# Hat knitted from my hand spun



## wordancer (May 4, 2011)

Note, my design no pattern available.

The yarn was spun on my first wheel (babe fiberbuster) in 2016.
2-ply, one ply white, the other ply green and white marled.
Worsted to heavy weight
The fiber:
-Green, Knitpicks, Wool of the Andes fiber
-White, A Romney/Blackfoot blend bought on ebay
First pic stretched to show the cables


----------



## Lena B (Aug 15, 2015)

wordancer said:


> Note, my design no pattern available.
> 
> The yarn was spun on my first wheel (babe fiberbuster) in 2016.
> 2-ply, one ply white, the other ply green and white marled.
> ...


Nice love the yarn well done


----------



## JoRae (Feb 5, 2013)

Lovely spinning and a nice hat you made from it.


----------



## Neophyte (9 mo ago)

Love it and love the detail you've provided.
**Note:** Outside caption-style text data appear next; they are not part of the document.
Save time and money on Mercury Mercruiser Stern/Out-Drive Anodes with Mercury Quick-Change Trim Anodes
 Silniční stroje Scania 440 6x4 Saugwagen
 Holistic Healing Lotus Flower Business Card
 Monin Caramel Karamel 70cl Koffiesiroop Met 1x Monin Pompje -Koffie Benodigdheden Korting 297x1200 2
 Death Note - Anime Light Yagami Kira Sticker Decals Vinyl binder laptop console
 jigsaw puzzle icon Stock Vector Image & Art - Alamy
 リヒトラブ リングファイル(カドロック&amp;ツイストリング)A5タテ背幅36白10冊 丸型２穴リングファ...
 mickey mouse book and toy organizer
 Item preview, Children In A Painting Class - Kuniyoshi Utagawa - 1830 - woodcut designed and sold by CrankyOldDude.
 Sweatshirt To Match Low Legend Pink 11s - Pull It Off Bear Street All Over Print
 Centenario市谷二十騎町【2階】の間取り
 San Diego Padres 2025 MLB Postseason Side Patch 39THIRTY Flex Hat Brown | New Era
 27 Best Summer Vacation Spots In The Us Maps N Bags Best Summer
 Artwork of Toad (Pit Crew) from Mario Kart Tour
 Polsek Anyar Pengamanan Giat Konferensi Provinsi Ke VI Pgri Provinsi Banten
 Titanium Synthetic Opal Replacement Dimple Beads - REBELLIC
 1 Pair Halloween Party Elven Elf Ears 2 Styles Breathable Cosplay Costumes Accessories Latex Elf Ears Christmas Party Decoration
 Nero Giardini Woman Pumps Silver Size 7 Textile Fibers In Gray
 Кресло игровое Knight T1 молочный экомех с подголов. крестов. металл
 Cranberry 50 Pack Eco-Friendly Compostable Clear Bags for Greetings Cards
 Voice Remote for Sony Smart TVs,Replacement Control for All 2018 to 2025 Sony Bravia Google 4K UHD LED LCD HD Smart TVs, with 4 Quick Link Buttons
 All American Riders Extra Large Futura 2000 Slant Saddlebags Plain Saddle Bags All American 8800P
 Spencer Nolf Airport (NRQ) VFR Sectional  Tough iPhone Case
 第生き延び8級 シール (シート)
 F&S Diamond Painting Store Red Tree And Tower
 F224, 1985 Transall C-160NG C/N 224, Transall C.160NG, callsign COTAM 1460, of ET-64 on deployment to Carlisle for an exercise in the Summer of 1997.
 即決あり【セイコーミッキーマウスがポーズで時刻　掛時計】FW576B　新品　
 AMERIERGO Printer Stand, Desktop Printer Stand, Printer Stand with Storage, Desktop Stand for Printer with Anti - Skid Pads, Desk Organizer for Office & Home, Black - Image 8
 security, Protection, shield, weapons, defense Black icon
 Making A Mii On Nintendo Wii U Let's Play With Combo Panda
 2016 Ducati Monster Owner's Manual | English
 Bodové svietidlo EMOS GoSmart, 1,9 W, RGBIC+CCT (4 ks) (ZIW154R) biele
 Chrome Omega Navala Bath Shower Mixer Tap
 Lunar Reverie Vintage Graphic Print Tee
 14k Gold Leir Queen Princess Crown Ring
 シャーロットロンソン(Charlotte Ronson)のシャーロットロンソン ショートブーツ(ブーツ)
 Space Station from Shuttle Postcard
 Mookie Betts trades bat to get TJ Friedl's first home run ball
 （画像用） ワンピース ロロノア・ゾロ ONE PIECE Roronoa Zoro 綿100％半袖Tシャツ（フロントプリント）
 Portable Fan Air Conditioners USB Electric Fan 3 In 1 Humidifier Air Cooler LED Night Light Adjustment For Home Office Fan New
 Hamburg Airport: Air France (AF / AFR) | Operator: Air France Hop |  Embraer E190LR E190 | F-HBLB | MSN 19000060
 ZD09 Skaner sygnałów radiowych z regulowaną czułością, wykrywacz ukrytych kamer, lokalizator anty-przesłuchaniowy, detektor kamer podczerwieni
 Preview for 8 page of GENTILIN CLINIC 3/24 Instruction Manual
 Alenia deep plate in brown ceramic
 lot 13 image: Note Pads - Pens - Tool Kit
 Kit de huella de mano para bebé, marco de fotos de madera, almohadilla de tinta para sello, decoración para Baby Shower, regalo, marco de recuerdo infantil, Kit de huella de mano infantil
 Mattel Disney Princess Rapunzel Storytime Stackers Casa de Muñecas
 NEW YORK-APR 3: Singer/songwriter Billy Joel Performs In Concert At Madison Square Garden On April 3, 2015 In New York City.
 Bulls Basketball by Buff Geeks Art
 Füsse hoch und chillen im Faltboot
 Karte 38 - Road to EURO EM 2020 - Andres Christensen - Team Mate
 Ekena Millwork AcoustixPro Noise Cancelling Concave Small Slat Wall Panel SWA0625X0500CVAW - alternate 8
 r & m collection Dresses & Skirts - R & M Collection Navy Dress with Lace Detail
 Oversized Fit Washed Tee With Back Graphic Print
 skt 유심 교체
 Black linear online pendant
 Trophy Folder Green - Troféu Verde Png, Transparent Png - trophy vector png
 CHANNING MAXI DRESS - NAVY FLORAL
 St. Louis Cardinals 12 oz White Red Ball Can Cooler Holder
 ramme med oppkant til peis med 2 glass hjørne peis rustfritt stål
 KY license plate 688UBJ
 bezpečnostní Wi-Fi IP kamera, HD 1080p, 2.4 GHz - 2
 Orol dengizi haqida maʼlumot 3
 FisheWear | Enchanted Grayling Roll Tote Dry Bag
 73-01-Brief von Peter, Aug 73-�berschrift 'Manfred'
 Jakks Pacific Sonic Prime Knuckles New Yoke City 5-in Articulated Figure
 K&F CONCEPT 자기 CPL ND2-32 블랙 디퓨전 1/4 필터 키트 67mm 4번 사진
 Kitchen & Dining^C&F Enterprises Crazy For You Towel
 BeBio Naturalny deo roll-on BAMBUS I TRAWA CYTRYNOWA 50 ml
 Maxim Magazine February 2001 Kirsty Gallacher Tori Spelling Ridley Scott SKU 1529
I find it rather frustrating to look at pictures in the gallery and get no information, or am I missing something?


----------



## Ettenna (May 3, 2013)

Great job


----------



## gardenpoet (Jun 24, 2016)

Oooo. Deliciously tactile looking!


----------



## spinningjennie (Jul 30, 2012)

Looks lovely.


----------



## silkandwool (Dec 5, 2011)

A great use of the first yarn you spun.
It looks like a nice warm hat.


----------



## hilarymercer51 (9 mo ago)

Lovely!


----------



## ade (Jul 6, 2018)

Looks great! Love the colours, too.


----------



## Patrice B-Z (Dec 22, 2014)

wordancer said:


> Note, my design no pattern available.
> 
> The yarn was spun on my first wheel (babe fiberbuster) in 2016.
> 2-ply, one ply white, the other ply green and white marled.
> ...


I always admire the work, especially when it is spun by hand and knitted into a lovely item. Love it!


----------



## mama879 (Jan 27, 2011)

Very nice I like the pattern and love fat yarns. Thank you for sharing


----------



## cat_woman (Sep 21, 2014)

Great hat. Looks nice and warm.


----------